This, then, in bare outline, is the Laplacian nebular hypothesis, and it accounted very well for the solar system as known in his day; the fairly regular progression of planetary distances; their orbits round the sun all nearly circular and approximately in a single plane; the planetary and satellite revolutions in orbit all in the same direction; the axial rotations of planets in the same direction as their orbital revolutions; and the plane of orbital revolution of the satellites practically coinciding with the plane of the planet's axial rotation. But the principle of conservation of energy was, of course, unknown to Laplace, nor had the mechanical equivalence of heat with other forms of energy been established in his day.

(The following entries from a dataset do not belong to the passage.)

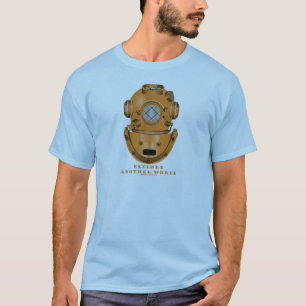 T-shirts Explore um outro mundo (o capacete do mergulho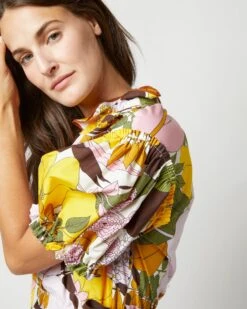 Biscotto Dress In Big Flower Rose 15 Biscotto Dress In Big Flower Rose -HERNO || ULLA JOHNSON || A.P.C. Shop S72137 435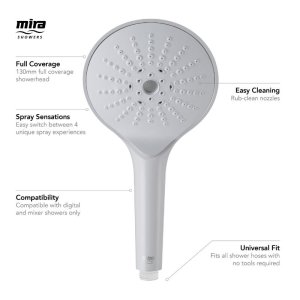 Mira Switch 4 spray shower head - white (2.1605.262) - main image 4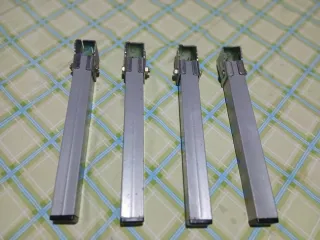 Patas somier plata 30x3x3 cm (4 unidades)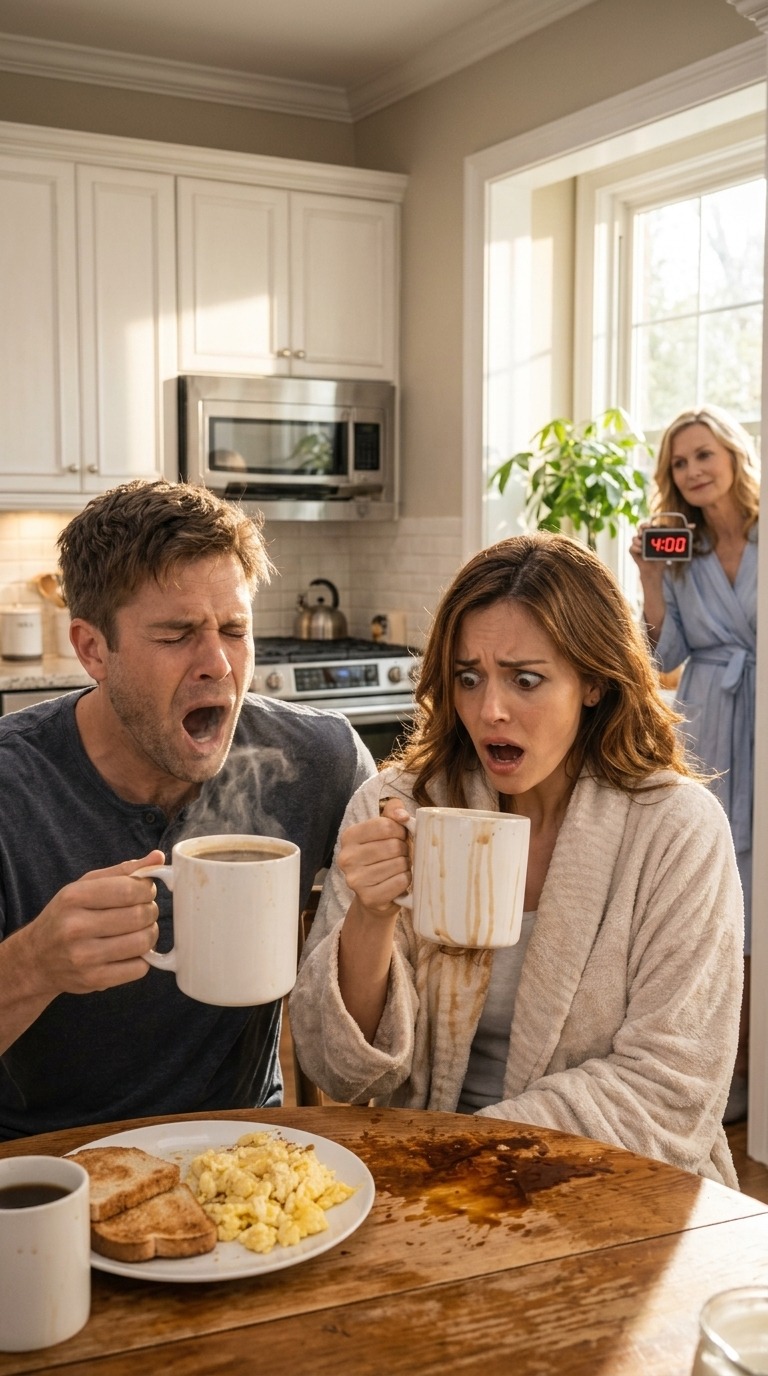 „A fiam 5-kor keltettetett, hogy kávét főzzek a feleségének és megterítsem az asztalt, mert ez volt az „én dolgom”. Másnap 4-re állítottam be az ébresztőjét, és egy kis meglepetést terveztem a reggeli kávéjukba, amit soha nem fognak elfelejteni.”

In 1870, Lane of Washington first demonstrated the remarkable law that a gaseous sphere, in process of losing heat by radiation and contraction because of its own gravity, actually grows hotter instead of cooler, as long as it continues to be gaseous, and not liquid or solid. So there is no need of postulating with Laplace an excessively high temperature of the original nebula. The chief objection to Laplace's hypothesis by modern theorists is that the detachment of rings, though possible, would likely be a rare occurrence; protuberances or lumps on the equatorial exterior of a swiftly revolving mass would be more likely, and it is much easier to see how such masses would ultimately become planets than it is to follow the disruption of [372] a possible ring and the necessary steps of the process by which it would condense into a final planet. The continued progress of research in many departments of astronomy has had important bearing on the nebular hypothesis, and we may rest assured that this hypothesis in somewhat modified form can hardly fail of ultimate acceptance, though not in every essential as its great originator left it.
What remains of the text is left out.